Kansas politicians have enacted their first new law of 2024: a fast-tracked single-subject bill that reinstates an expired tax credit.

Gov. Laura Kelly signed Senate Bill 15 into law on Thursday after it passed the House 117-1 and 34-0. The legislation reinstates and makes changes to a tax credit designed to incentivize employment of Kansans with disabilities.

The tax credit had broad bipartisan support last session, too, but failed because of political logrolling by Republican legislators and the Democratic governor’s veto. That meant the tax credit expired at the end of 2023, prompting lawmakers to fast-track the legislation this session and make it retroactive to the start of 2024.

“Kansans with disabilities deserve a fair wage for the work they perform,” Kelly said in a statement. “I’m signing this bipartisan legislation to create more opportunities for people with disabilities, grow our workforce and ensure every Kansan can work with dignity and respect.”

Gov. Laura Kelly on Thursday signed the first new law of 2024 in Kansas, renewing and amending a disability tax credit that passed the House and Senate with broad bipartisan support.

The income tax credit is for goods and services purchased from qualified businesses that employ disabled workers and pay them at least as much as the minimum wage. The legislation also creates a new matching grant program to help transition sheltered workshop employers toward paying the minimum wage.

“By incentivizing businesses that purchase products from companies with integrated workforces, we are creating more jobs for Kansans with disabilities,” said Rep. Sean Tarwater, R-Stilwell, in a statement via the governor’s office. “This bill also helps those that make below minimum wage to get a pay increase. This spurs local economies across the state as the workforce grows and has additional money in their pockets.”

The minimum wage requirement was added last year following a contentious public hearing at which disability rights advocates took issue with the previous allowance for employers to pay less than $7.25 an hour.

Kansas Commission on Disability Concerns executive director Martha Gabehart said the new law is “a win-win for Kansans with disabilities and businesses.”

“The transition grants hold the opportunity to help providers switch from sheltered work to providing competitive integrated employment, enabling Kansas to join the growing list of states that have equalized the pay for people with disabilities by eliminating subminimum wage,” Gabehart said in a statement via the governor’s office.

Why lawmakers failed to get the tax credit renewed last year

Last session, the tax credit went through the normal legislative process in the House. The commerce committee, which Tarwater chairs, held a public hearing on House Bill 2275 before it was later passed by the full chamber 124-0.
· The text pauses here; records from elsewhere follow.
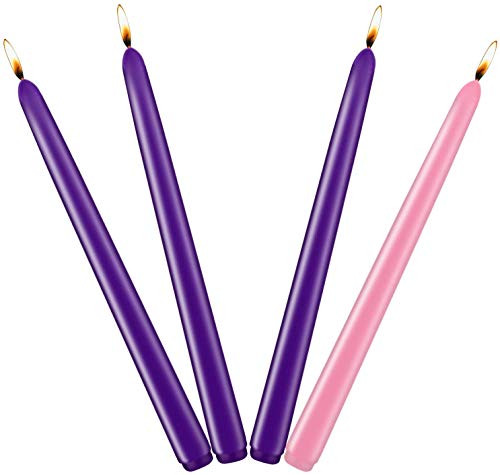 Christmas Advent Candles  Premium Dripless and Smokeless Taper Candles for Seasonal Celebration  4 Pack - 3 Purple and 1 Pink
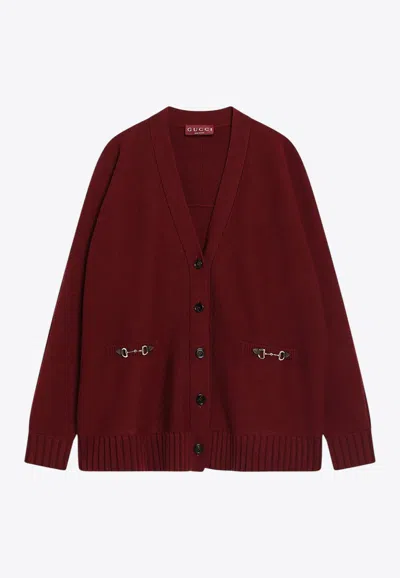 Gucci Horsebit Wool Cashmere Cardigan In Burgundy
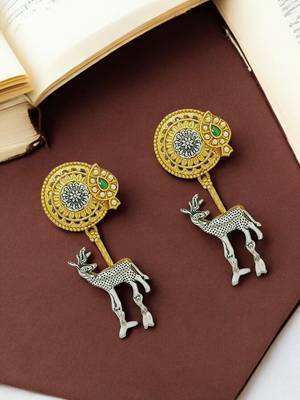 Gold-plated silver deer shaped contemporary drop earrings 1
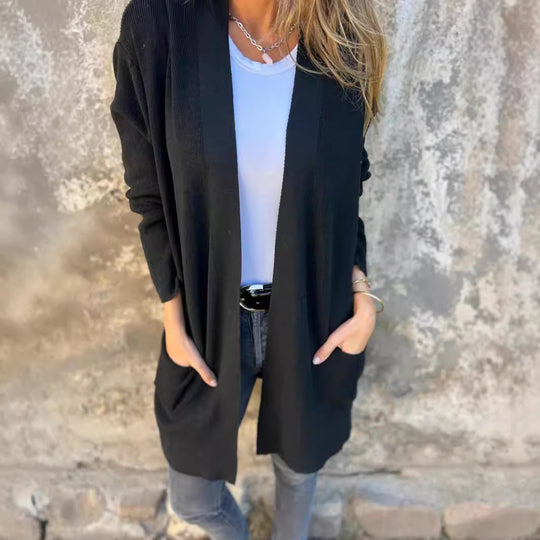 Damen Langstrickjacke mit praktischen Taschen und elegantem V-Ausschnitt Fudus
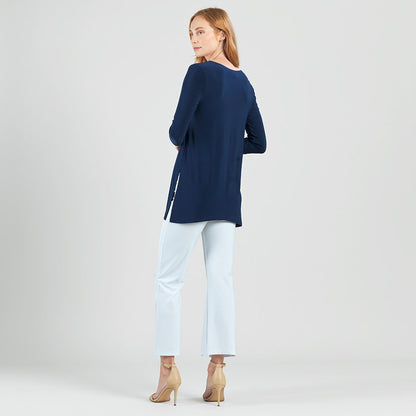 Side Vent Kerchief Hem Tunic - Navy - Final Sale | Clara Sunwoo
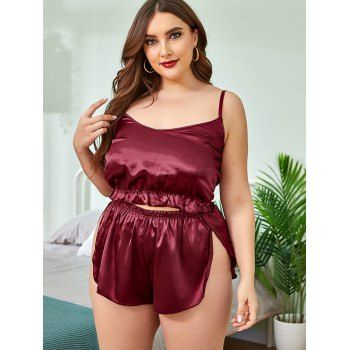 

Plus Size Satin Slit Ruffled Hem Pajamas, Deep red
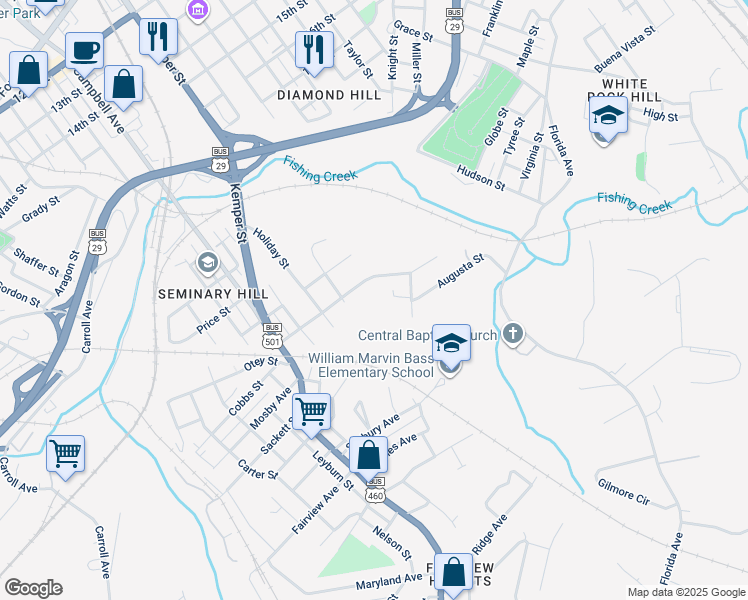 map of restaurants, bars, coffee shops, grocery stores, and more near 1705 Starview Street in Lynchburg
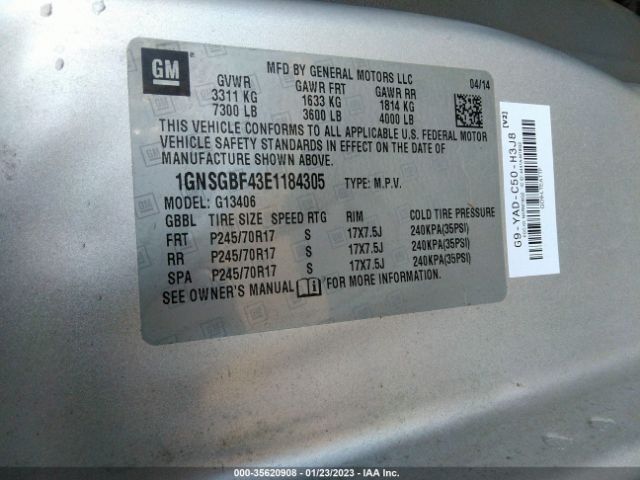 Chevrolet Express Passenger Ls 2014 1GNSGBF43E1184305 Image 10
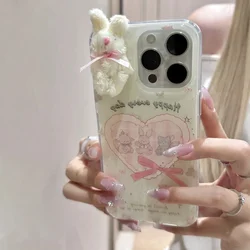 Whimsical Love Butterfly Phone Case with Plush Bow Rabbit Doll Design - iPhone 12 Pro (SMT2777 Color)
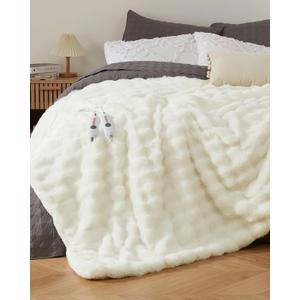 GarveeHome Heated Blanket Queen, Dual Control Faux Fur Electric Blanket with 4 Heat Settings, Soft Bubble Blanket with 8 Hour Auto-Off & Overheat Protection, for Gifts Home Couch or Bed, White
But the Senate never took up the bill.

Instead, it came up in a conference committee, where top legislators on tax policy bundled dozens of separate bills into three packages.
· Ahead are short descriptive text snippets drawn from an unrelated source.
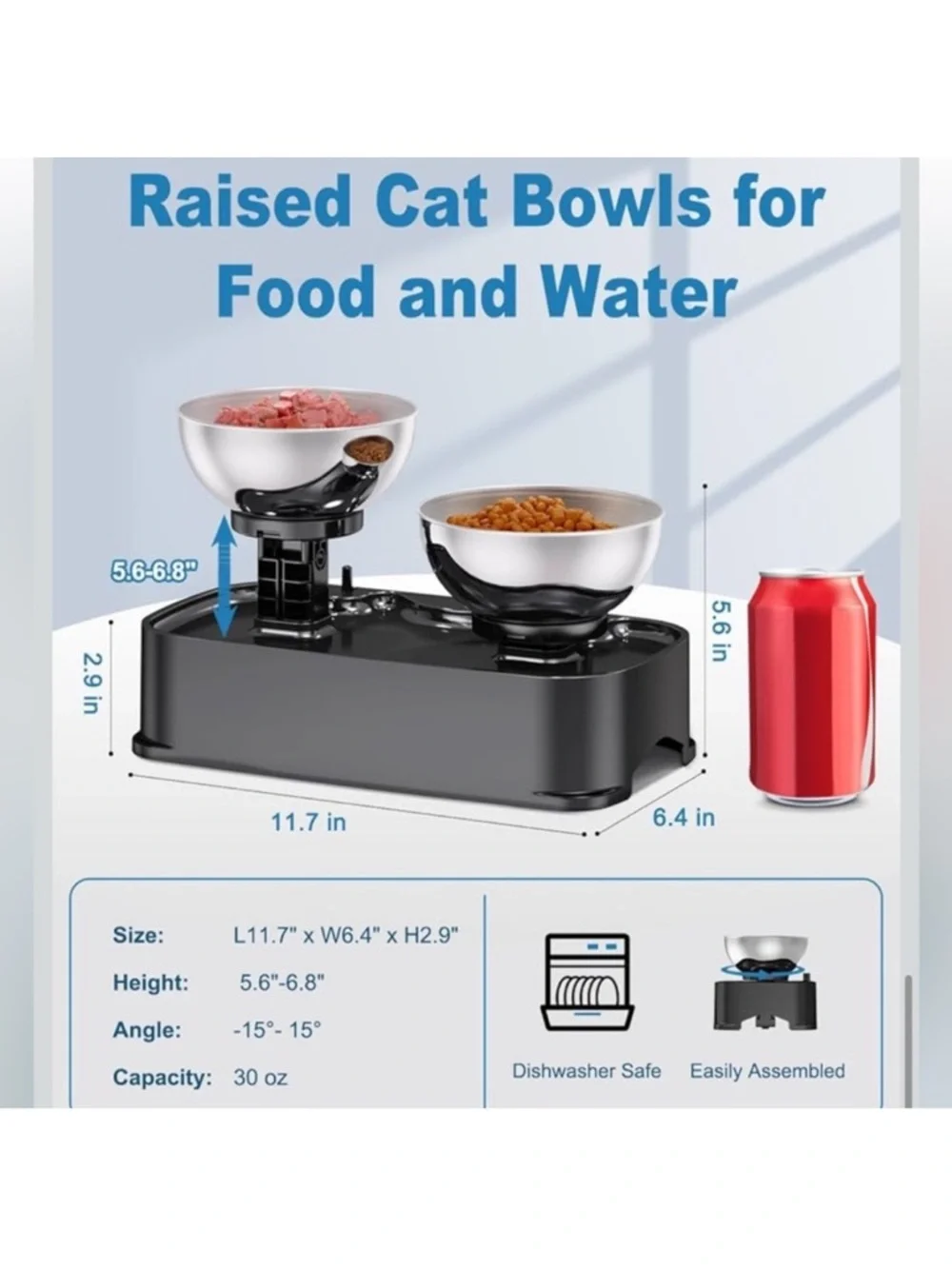 Adjustable Height and Tilt Double Pet Bowl Set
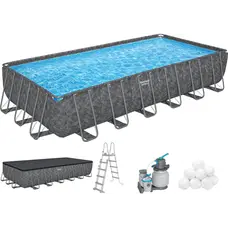 Каркасний басейн Bestway Grey 561KG (732х366х132 см) з пісочним фільтром, тентом та драбиною
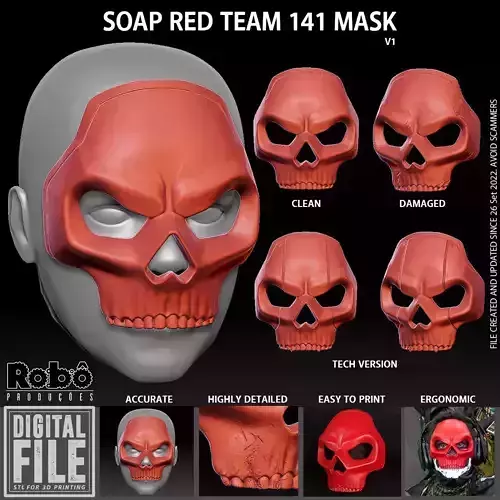 Soap Red Team 141 Mask - Call of Duty - MW2 - WARZONE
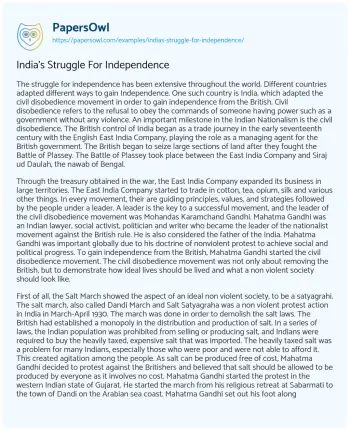 Essay on India’s Struggle for Independence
The tax credit became part of the Senate Bill 8 bundle that was debated and voted on by the House on in the wee hours of the last day of regular session without time for legislators to read the legislation. It was passed by the Senate three weeks later.

Some of the pieces in the bundle were controversial, and Kelly vetoed it, saying the Legislature’s bundling “has made it impossible to sort out the bad from the good.” Lawmakers never attempted an override because they had already adjourned for the year, and they didn’t have veto-proof majorities anyway.

That meant the tax credit expired before legislators returned to Topeka for the 2024 session.

This session, instead of the Senate taking up HB 2275, legislators again turned to a conference committee. But this time, they didn’t bundle it with anything else. Instead, they gutted SB 15 to use as a shell for HB 2275, which was tweaked at the request of senators, who had not held a public hearing on the legislation.

Sen. Caryn Tyson, R-Parker, called it “a unique situation.”

“We know the urgency on this is because the program has sunset, and everybody understands that we are trying to get this done as quickly as possible,” Tyson said.

She initially said either the Senate tax or commerce committee could hold a hearing but acquiesced to negotiating in the conference committee.

“I don’t know why we would wait any longer,” Tarwater said.